◆ Exercise objective ◆
The only acceptable reply is the number of lines in the material below that hold "Rose".

● ● ● ● ●

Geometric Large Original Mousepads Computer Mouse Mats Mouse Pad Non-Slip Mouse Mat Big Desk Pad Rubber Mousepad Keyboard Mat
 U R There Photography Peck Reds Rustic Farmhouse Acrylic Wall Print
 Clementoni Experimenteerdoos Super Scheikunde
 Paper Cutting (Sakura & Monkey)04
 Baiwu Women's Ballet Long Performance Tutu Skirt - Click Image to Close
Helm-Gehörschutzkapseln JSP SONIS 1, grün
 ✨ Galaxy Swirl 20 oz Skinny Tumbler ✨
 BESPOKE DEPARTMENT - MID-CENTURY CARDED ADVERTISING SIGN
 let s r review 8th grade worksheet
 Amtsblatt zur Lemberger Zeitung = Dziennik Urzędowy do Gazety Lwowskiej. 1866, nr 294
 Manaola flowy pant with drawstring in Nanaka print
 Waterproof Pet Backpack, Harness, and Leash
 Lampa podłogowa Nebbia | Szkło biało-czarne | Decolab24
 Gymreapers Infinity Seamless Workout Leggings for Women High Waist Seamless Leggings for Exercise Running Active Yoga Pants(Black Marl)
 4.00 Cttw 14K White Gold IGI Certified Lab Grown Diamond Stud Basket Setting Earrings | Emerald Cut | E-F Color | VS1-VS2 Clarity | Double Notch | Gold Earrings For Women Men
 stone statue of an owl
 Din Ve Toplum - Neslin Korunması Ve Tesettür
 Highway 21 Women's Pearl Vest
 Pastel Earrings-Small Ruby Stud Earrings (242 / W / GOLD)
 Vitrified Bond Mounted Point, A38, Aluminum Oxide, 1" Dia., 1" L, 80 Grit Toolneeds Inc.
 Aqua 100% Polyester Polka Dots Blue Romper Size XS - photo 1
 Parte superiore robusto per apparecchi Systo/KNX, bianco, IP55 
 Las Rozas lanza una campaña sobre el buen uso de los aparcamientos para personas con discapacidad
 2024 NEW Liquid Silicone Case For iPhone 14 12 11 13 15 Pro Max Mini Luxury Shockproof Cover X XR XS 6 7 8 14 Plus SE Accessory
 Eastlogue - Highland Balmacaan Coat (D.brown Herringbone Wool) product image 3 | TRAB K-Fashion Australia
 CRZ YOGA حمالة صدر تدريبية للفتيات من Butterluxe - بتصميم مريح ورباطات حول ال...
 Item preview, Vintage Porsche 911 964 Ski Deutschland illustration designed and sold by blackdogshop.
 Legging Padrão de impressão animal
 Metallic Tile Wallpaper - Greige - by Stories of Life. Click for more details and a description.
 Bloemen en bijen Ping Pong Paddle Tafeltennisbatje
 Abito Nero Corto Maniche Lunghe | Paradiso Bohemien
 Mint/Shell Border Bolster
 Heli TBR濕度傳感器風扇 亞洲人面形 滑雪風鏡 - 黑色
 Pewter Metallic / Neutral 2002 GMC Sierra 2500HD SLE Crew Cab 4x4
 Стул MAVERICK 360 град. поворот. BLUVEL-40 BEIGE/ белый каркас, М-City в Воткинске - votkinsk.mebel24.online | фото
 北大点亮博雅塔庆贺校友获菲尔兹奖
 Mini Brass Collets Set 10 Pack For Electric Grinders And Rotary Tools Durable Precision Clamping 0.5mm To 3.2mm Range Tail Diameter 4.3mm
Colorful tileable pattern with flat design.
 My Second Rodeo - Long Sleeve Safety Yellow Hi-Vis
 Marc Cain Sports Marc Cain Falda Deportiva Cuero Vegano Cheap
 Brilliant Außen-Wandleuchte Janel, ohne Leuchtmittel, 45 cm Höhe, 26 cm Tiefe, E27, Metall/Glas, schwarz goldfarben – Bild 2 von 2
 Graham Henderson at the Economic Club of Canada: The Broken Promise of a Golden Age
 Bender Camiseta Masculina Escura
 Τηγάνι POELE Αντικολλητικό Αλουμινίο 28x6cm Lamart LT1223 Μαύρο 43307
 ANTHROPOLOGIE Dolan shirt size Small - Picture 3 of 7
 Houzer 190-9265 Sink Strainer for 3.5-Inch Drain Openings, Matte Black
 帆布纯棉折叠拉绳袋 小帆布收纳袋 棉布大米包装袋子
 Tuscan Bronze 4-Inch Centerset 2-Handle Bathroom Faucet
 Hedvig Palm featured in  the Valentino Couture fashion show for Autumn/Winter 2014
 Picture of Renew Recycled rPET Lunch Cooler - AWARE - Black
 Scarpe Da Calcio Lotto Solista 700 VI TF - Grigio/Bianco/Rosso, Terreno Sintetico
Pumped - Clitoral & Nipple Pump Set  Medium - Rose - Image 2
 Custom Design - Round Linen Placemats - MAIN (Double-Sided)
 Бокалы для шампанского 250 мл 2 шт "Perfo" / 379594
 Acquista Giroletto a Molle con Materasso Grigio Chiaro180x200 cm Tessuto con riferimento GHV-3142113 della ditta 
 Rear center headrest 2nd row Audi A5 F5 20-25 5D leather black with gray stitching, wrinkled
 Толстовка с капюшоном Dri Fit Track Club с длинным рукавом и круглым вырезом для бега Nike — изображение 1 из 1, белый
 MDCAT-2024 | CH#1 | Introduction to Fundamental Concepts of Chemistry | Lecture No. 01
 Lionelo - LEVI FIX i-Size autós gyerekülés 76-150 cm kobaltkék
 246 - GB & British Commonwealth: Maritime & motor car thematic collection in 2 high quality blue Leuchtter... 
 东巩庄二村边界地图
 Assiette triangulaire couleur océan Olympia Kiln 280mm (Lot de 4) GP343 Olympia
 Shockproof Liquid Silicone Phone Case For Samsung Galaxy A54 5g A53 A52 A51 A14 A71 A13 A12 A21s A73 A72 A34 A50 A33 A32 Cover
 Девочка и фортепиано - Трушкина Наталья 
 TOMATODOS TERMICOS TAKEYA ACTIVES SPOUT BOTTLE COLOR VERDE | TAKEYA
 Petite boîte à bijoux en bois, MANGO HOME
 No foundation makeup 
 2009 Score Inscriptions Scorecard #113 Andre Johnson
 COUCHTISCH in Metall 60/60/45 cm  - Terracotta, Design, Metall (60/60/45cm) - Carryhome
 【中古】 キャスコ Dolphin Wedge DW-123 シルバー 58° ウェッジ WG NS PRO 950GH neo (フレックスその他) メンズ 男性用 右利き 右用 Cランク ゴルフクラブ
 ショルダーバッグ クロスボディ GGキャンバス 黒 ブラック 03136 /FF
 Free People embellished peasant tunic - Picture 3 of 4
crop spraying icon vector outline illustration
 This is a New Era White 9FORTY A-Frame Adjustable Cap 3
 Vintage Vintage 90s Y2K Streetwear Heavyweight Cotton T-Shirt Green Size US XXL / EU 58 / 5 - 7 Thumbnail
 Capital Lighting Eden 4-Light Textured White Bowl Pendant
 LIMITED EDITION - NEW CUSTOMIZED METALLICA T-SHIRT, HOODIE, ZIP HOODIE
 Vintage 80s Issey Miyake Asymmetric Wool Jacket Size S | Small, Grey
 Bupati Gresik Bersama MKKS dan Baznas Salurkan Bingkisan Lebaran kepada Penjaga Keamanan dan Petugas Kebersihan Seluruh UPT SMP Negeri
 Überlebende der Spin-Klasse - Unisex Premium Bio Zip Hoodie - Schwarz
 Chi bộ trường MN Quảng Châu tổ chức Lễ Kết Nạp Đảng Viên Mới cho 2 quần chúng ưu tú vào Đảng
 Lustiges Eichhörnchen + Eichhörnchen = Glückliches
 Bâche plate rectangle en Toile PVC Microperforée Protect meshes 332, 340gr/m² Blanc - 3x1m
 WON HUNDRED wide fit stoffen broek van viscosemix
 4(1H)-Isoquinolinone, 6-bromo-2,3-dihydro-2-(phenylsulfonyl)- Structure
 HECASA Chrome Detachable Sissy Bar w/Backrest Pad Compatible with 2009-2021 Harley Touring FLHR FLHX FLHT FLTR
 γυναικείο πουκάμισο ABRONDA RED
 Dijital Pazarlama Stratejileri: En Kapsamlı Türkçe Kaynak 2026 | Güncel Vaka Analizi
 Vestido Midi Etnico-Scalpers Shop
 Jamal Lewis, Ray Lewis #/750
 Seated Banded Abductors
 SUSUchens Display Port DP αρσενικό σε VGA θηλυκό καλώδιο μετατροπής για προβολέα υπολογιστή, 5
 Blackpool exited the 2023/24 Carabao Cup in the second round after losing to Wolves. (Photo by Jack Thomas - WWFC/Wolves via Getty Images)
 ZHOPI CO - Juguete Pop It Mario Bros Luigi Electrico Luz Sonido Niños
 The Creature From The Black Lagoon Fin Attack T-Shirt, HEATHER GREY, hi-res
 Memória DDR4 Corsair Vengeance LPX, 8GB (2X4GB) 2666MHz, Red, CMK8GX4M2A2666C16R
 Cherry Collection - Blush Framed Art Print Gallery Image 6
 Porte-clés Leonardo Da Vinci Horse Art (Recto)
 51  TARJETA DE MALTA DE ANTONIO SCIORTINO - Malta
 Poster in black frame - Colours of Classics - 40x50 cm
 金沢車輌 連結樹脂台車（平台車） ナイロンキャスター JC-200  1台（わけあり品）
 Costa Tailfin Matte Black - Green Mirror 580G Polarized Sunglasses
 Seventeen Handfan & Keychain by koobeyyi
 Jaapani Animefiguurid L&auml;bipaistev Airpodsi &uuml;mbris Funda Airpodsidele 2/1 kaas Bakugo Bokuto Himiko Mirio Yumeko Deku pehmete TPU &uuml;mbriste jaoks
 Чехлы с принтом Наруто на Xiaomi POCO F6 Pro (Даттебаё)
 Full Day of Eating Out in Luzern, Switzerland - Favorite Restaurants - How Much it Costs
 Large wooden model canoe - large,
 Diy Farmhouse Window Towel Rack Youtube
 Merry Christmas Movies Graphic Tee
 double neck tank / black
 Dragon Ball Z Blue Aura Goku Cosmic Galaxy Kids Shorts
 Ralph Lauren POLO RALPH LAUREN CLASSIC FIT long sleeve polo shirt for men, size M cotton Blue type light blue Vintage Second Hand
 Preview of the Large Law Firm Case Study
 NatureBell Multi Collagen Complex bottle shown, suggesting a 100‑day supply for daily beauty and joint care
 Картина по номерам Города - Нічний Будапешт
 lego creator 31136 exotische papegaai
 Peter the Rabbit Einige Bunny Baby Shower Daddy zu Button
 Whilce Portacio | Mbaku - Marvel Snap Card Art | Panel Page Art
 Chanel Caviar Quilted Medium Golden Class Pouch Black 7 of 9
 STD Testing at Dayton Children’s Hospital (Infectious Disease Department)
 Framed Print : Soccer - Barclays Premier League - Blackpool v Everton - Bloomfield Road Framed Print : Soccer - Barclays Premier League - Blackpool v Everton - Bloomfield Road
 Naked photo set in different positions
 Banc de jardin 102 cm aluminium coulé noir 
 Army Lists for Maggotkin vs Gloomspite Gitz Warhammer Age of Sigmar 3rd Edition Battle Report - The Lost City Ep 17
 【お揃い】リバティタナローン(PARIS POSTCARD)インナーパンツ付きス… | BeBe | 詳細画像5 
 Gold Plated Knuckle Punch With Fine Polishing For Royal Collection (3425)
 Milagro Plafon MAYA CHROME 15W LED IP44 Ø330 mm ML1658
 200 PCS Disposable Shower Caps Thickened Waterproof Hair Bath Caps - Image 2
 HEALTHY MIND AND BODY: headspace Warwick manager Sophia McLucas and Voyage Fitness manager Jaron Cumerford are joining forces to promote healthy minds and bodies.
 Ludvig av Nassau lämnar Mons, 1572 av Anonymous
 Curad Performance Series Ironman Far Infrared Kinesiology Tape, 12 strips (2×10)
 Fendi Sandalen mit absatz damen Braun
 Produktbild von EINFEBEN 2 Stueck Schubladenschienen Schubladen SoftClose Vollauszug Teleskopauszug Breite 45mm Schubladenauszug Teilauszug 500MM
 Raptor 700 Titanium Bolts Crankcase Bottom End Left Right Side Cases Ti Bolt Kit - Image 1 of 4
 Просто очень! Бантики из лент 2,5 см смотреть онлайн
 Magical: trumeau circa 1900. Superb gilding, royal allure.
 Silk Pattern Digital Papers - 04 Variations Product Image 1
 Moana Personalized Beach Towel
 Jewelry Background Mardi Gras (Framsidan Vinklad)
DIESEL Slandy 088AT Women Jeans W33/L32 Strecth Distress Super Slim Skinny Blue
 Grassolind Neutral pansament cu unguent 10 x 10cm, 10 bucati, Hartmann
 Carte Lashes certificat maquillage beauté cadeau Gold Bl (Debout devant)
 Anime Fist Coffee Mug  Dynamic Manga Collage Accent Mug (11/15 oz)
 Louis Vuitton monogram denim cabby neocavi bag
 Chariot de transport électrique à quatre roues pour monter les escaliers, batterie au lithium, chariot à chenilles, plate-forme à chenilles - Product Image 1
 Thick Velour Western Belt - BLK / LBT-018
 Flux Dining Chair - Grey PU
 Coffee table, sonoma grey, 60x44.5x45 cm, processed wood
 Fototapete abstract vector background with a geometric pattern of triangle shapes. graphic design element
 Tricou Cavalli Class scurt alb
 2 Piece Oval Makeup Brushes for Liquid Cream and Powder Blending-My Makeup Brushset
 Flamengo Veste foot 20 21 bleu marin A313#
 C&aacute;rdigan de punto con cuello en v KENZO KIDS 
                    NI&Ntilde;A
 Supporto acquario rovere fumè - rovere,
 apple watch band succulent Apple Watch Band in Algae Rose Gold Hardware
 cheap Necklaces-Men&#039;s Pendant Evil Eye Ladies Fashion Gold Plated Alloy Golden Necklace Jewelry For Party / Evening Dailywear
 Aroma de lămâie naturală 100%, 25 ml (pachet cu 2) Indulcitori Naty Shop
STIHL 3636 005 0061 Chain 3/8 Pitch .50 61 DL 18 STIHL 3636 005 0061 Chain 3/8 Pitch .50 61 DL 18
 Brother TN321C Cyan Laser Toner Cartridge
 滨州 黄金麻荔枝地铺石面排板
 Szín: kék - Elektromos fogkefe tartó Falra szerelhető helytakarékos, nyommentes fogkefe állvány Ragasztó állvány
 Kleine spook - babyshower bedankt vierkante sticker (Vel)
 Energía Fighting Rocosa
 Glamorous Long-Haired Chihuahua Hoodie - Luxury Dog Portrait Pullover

● ● ● ● ●

◆ Response ◆
2